In this way, the number of nodes (representing the system) can be reduced by the n3 ratio. In order to carry out MC simulations, it is necessary to keep (i) an equivalence between energies of the original and re-scaled systems when the direction of spin S or S’ changes and (ii) detailed thermodynamic balance during the iteration steps.
The first condition can be fulfilled by analyzing Equation (1) and taking into account that the acceptance and adding probabilities include a change of the system energy related to the spin’s direction changes. Generally, we assume that the “spin” S’, attributed to the super-cell in the re-scaled system (3D case and ferromagnetic coupling), is equal to n3S. In addition, all linear distances between the nodes are re-scaled by taking r’ = nr. The energy change calculated for the re-scaled system can be described using similar relations to the single-spin system but with S’, r’ and some apparent quantities like J’, K’ and D’.

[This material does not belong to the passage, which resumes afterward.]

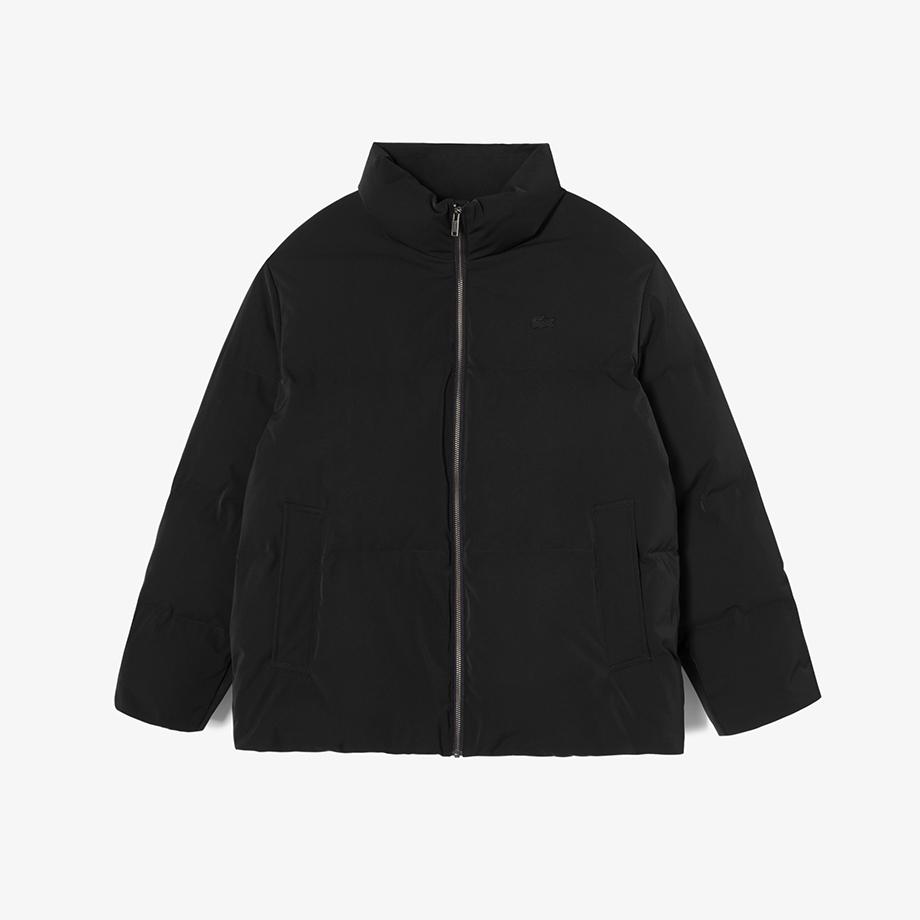 [Lacoste] Men's High-Neck Down Puffer BH991E-54N031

For the change of the exchange energy, the apparent exchange integral parameter Jij’ (energy difference between parallel and anti-parallel super-cells) should be defined in the following way:(3) ΔEij′=−2Jij′S1′S2′=−2Jij′S1S2n6=−2JijS1S2n2
The last term expresses exchange coupling between the neighboring super-cells and includes only the spins on the common wall, as shown in Figure 1b. From this equation, one can determine (4) J′=Jn−4
Equation (1) contains the so-called dipolar energy term, for which the scaling rules should account for the dependence on the relative position between interacting spins. For a simplification of this long-range energy term, we found that the value of the D parameter can remain unchanged for the re-scaled system. The conducted (however, not shown here) comparison between energies calculated for the group of single spins S and the corresponding magnetic super-cells (with re-calculated spins S’ and distances r’), reveals a small error of order 1%. Apart from that, for hard magnetic phases, these kinds of interactions have, generally, marginal meaning due to the high value of magnetic anisotropy energy. Nevertheless, for soft magnetic phases, the error must be taken into consideration.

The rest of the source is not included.